• The problem
Return only those lines of the listing in which "kitchen" appears.

• Data provided

---------------

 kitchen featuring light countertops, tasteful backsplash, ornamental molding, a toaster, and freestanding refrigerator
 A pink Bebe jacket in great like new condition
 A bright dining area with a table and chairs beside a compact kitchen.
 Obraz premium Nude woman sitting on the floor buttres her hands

---------------

• Output for this exercise
 kitchen featuring light countertops, tasteful backsplash, ornamental molding, a toaster, and freestanding refrigerator
 A bright dining area with a table and chairs beside a compact kitchen.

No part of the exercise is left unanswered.